Hope light

A few weeks back I was talking with a friend about death.  He told me about some main cultural expectations and traditions of his people.  The basics include the grieving family not bathing, washing their clothes, no cleaning, no opening of curtains, doors or windows, and no cooking for 7 days.  His people are expected to, and allowed to grieve hard out in those first 7 days.  The biggest thing he shared, that really smacked me hard in more places than one, was this: Other people cook and bring food in for the grieving family.

So many things made sense for me after feeling the impact of “other people cook and bring food in for the grieving family”.  I have struggled hard out with cooking here at home – since Dec 2018.  I’ve bought food – I’ve chucked it out.  I’ve replaced chucked out food – and then chucked that out too. I hit another low – a depression that was overwhelmingly bewildering because I’d actually sought so called “professional” help for my inability to get my relationship with food sorted.

Again, and after meeting with alleged professional and stating what it was that I needed the actual help with, I was presented with her version of events and her version of what I actually needed to get through to the other side.  I felt devastated – that again, my self-knowledge wasn’t acceptable to an alleged professional – I felt enraged, that again the “pill” being offered was more about her lack of skills required to assist someone as intelligent as me, through what I needed help navigating.  I felt so many things that are no longer foreign to me in terms of so called “professional people & their services”.

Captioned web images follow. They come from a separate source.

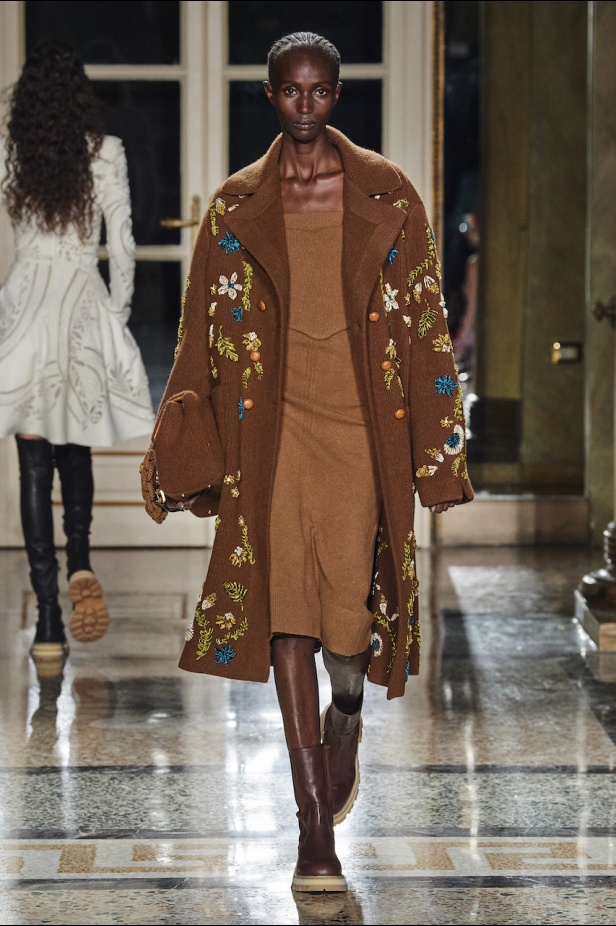 مجموعة Ermano Scervino لموسم خريف وشتاء 2022-2023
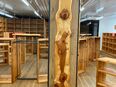 Wandbrett mit Haken aus Stahl verstellbar, aus massiven Zirbenholz in 87452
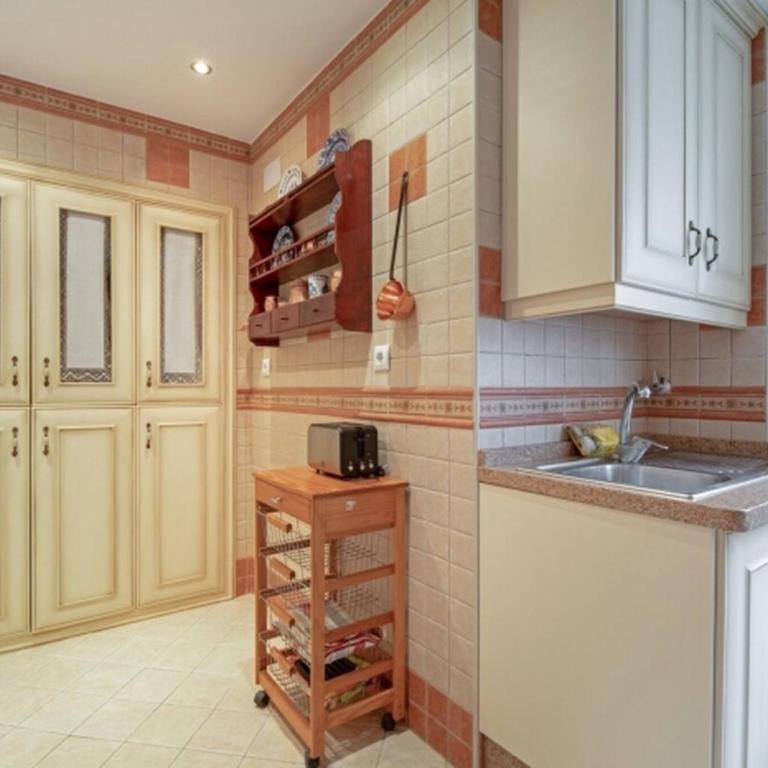 Pinar del Mar by Staycare - Apartment - 11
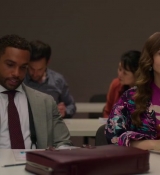 Emily_in_Paris_S02E04_WEBRip_x264-ION10_2782.jpg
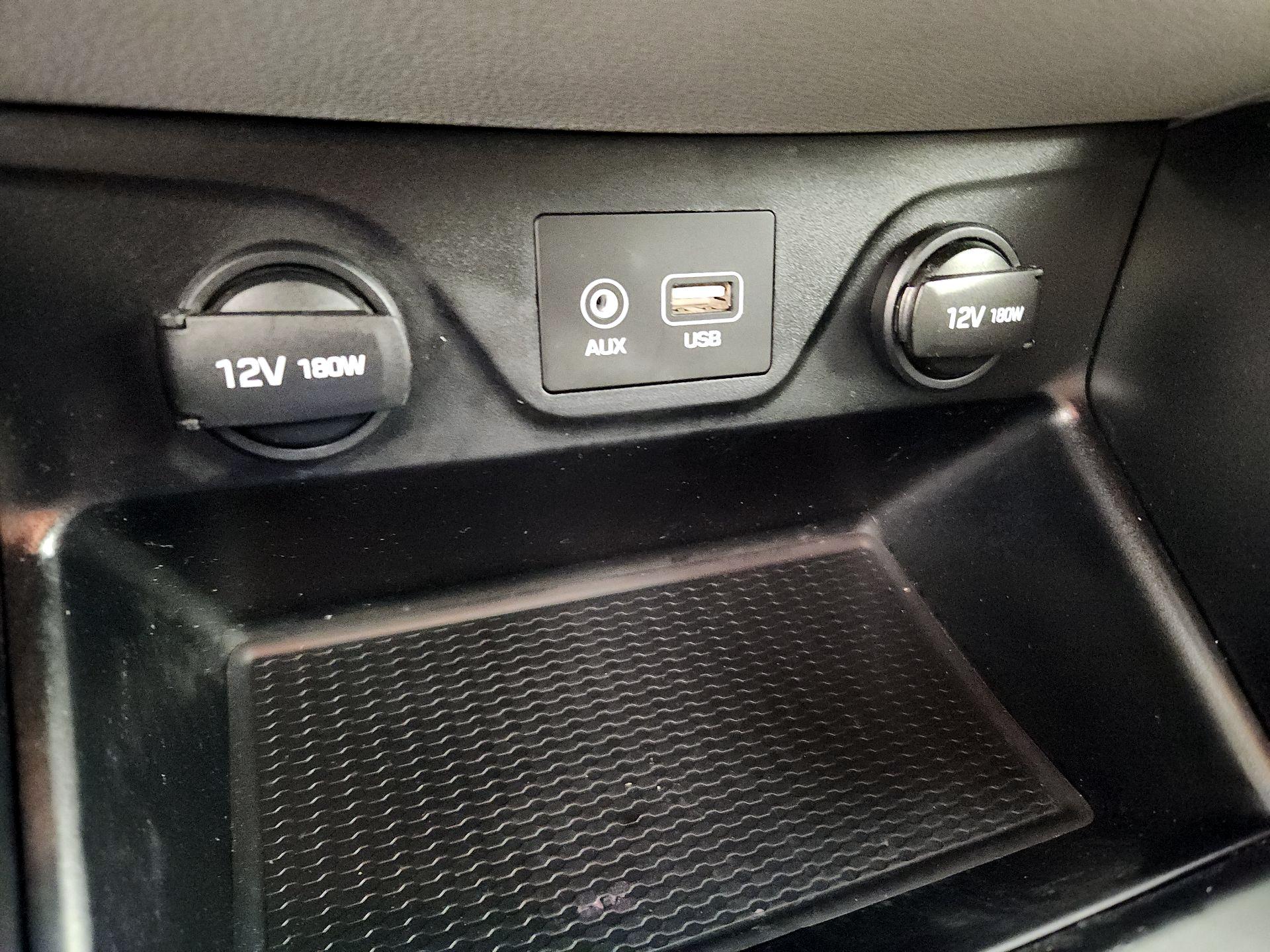 Thumbnail: 2021 Hyundai Tucson - 18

More exact – I was allowed to again feel less than.  I was allowed to again feel the impact of being told that it was her way or the highway.  I was being told that I couldn’t possible know what I need in order to heal because the alleged professional knew way more about this kind of gig than what I / the ‘average’ person could ever know!

And I came to realise that I wasn’t desperate enough – or even dumb enough this time to take on the impressions of another human being regardless of the letters after their name that only prove they handed in and passed exams at the end of the day – it proves nothing as to their ability to actually work with other human beings.  I came to realise that again, I was going to have to navigate this scary as fuck waka out of an abysmal storm that at that stage, I wasn’t even sure I wanted to survive.

And yet – I kept paddling.

Directionless for sure – I just kept paddling.

I held the light of hope for myself.

And from Dec through to April I became a regular at the Drive-Thru of McDonalds, Burger King and KFC.  They were the people that cooked for me.  They were the people who held that space so that I could somehow keep finding the courage needed to show up in the mirror each day.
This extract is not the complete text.